The representative explained that the reboot has been underway and began quickly after the incident, but the strain that the process puts on the system is forcing a careful, measured approach to getting virtual machines running again, PC World explained. As such, the process of getting systems running again takes a long time, but the organization plans to take a closer look at all of the factors that impacted the outage and recovery once everything is running again.
Three ITSM Tools that Help Eliminate Human Error
Mistakes happen and there isn't anything to be gained by trying to embarrass organizations or individuals when they happen. However, there is a lot to be learned from these mistakes. In the case of this outage, it is clear that human error is a major threat in complex IT environments, whether they are cloud systems or non-cloud, and organizations need to develop methods to avoid such problems.

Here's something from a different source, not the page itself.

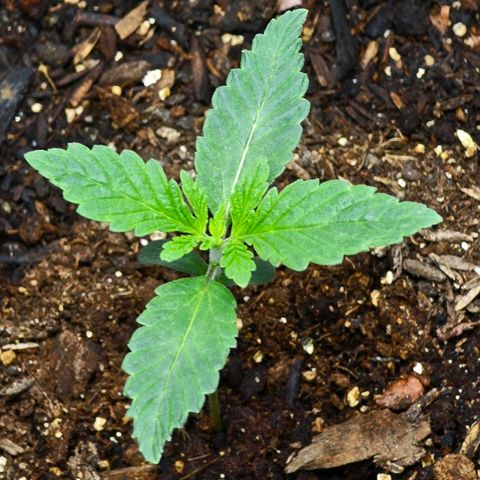 Cob's Copper Candy growlog timeline photo
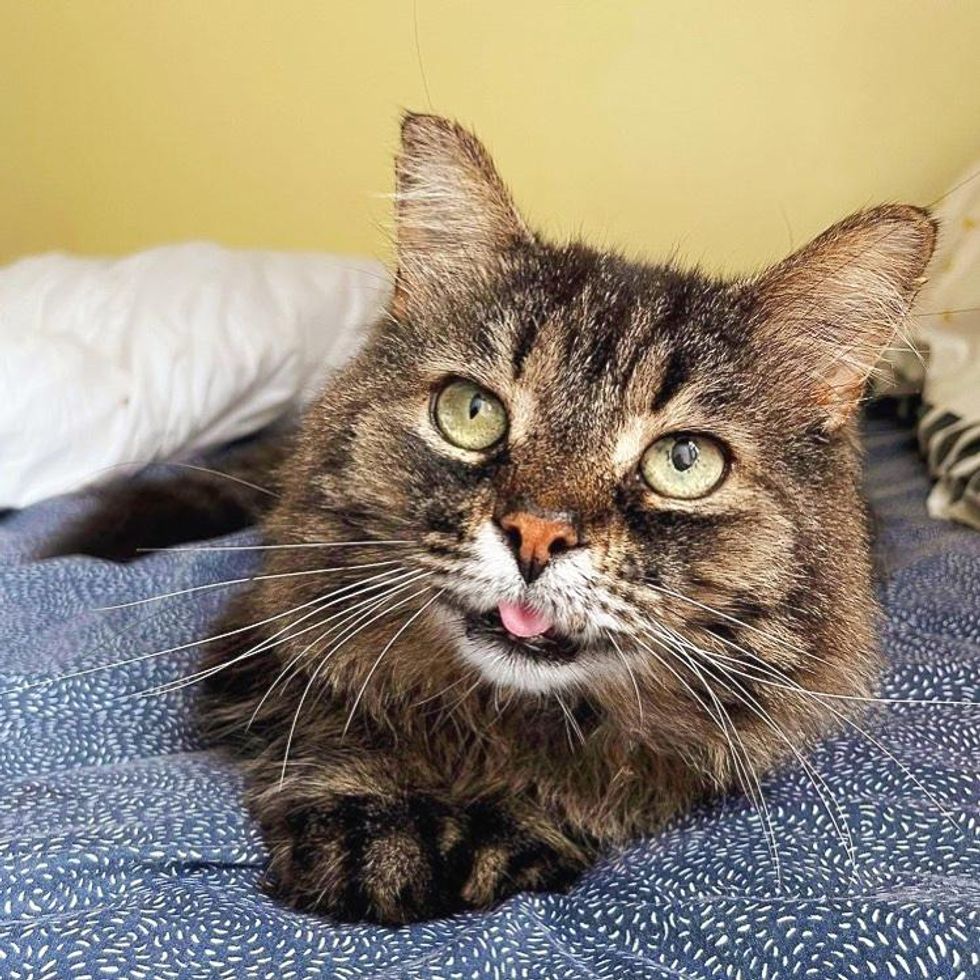 cat tongue tabby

A few IT service management tools that can be invaluable in this area include:
- Change management: A change management platform can help organizations schedule and coordinate change operations more effectively. This introduces oversight and visibility making it easier to avoid human error because any change has been carefully scheduled and, as such, verified as a reliable alteration to the IT setup.
- CMDB: A CMDB solutions doesn't just show you everything that is in the IT configuration, it shows you how those systems relate. As such, IT workers can see how making an alteration in one area will impact other parts of the setup. This can eliminate human error by ensuring users understand the full implications of any change they make and understand when one small adjustment may lead to a major problem.
- Built-in authorizations: Advanced ITSM systems can also build in authorizations and notifications in CMDB and change management solutions. These authorizations, for example, can take the form of messages sent to supervisors when a system admin wants to make a change. The supervisor can then look into the change management and CMDB consoles and verify that the change will not have any negative consequences and approve the effort.
Eradicating human error in its entirety may be impossible, but businesses can work to eliminate these issues by investing in ITSM tools that focus on change processes and introduce a series of checks and balances that help users avoid errors.